Now we do the same exercise for Uniform distribution, changing what obviously must be changed for the different distribution.

For this, use Calc > Random Data > Uniform , etc. Leave the endpoints set at 0 and 1.

In this case the Minitab Crew, instead of flipping a coin, is picking numbers at random from the unit interval. When computing and typing in the 95.4% confidence interval, we use the fact that the standard deviation for the uniform distribution on [0,1] is approximately .29 .

II. CENTRAL LIMIT THEOREM

Delete the data in the data windows. Generate from uniform [0,1] data 800 rows, stored in columns C1-C5. Then use

Calc > Row statistics

choose the setting for average, set input variables C1-C5, and put the output in C6.

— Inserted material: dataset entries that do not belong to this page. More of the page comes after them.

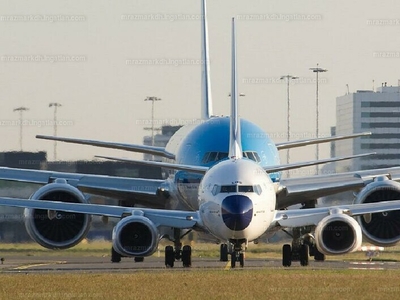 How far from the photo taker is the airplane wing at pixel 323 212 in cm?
3528

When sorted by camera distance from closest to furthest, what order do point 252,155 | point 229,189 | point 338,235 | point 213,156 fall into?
1. point 229,189
2. point 338,235
3. point 252,155
4. point 213,156

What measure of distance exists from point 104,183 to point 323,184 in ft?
23.6

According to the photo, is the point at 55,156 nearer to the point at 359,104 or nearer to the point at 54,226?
the point at 54,226

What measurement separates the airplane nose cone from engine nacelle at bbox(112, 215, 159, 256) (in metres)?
2.18

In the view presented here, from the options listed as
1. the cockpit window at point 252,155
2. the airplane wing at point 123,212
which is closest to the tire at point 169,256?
the airplane wing at point 123,212

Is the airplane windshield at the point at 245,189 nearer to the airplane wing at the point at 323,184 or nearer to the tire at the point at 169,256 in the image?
the tire at the point at 169,256

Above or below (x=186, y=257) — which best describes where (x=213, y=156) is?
above

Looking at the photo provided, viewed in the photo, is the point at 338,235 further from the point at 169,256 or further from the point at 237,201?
the point at 169,256

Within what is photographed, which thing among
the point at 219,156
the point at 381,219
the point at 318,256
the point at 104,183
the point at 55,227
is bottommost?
the point at 318,256

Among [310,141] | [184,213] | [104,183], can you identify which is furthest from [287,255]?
[104,183]

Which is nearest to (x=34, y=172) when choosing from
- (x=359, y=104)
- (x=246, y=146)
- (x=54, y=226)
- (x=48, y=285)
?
(x=54, y=226)

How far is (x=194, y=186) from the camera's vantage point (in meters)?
41.0

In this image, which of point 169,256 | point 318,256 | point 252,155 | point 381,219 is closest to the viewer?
point 169,256

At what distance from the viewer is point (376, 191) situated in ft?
133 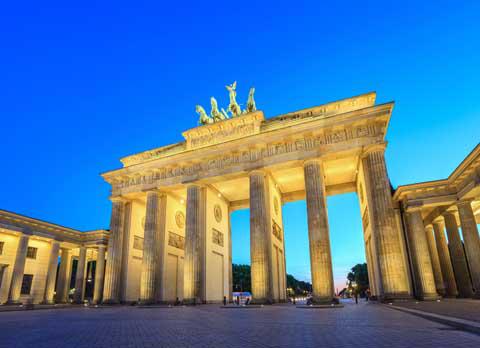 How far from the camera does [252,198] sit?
24953 mm

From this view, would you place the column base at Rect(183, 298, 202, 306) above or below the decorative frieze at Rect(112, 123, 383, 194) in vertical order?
below

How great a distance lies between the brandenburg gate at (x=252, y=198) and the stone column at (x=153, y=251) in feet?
0.28

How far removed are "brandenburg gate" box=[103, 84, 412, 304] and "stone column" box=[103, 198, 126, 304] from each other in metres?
0.10

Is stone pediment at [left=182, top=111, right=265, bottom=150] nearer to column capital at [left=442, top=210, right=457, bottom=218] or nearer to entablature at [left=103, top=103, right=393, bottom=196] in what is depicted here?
entablature at [left=103, top=103, right=393, bottom=196]

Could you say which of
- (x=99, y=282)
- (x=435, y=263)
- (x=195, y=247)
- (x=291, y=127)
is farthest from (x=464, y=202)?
(x=99, y=282)

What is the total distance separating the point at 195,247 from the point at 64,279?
2736 centimetres

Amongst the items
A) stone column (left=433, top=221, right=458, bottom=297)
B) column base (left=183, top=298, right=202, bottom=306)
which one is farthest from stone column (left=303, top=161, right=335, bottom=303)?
stone column (left=433, top=221, right=458, bottom=297)

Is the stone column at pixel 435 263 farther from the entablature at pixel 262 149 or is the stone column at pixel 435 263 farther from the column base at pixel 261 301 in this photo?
the column base at pixel 261 301

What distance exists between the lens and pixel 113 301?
28016mm

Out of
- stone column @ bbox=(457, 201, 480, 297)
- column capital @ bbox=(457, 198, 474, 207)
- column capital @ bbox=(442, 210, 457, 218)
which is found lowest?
stone column @ bbox=(457, 201, 480, 297)

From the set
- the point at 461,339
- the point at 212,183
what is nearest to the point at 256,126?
the point at 212,183

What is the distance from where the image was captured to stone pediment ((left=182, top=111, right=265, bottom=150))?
27.3m

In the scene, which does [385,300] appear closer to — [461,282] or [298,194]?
[461,282]

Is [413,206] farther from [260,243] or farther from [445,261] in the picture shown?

At this point, you have 800 repetitions of the following experiment: choose a random sample of 5 numbers from [0,1], and take the average. The 800 sample averages are stored in C6.

< The somewhat odd choice of numbers 5 and 800 is made because 6 x 800 = 4800, so our choice doesn't exceed the capacity of Student Minitab. >

Erase columns C1-C5, leaving just the column of sample averages, which is now column C1. Use

Calc > Standardize ,

input columns C1, store results in C2. Use

Graph > Histogram

and within the histogram box

-type in C2 for Graph variables

-use the annotation option to title your graph (e.g. Unif[0,1], sample average, n=5, 800 trials)

-use the annotation option to put on your name as a footnote

-choose the density (not frequency) option.

OK.

Well. The resulting histogram is a frequency (probability) histogram built from 800 numbers. The 800 numbers come from 800 experiments with size-5 samples. They are standardized outputs.

The number of trials (800) is big enough that you should have a fairly good approximation of the probability distribution for the sample mean from a size-5 sample. For the uniform distribution, the Central Limit Theorem convergence is very rapid; even though the sample size is only 5, the distribution of the sample average already resembles the bell shaped curve. Comment on the resemblance of your density histogram bears to the bell shaped curve of the standard normal distribution.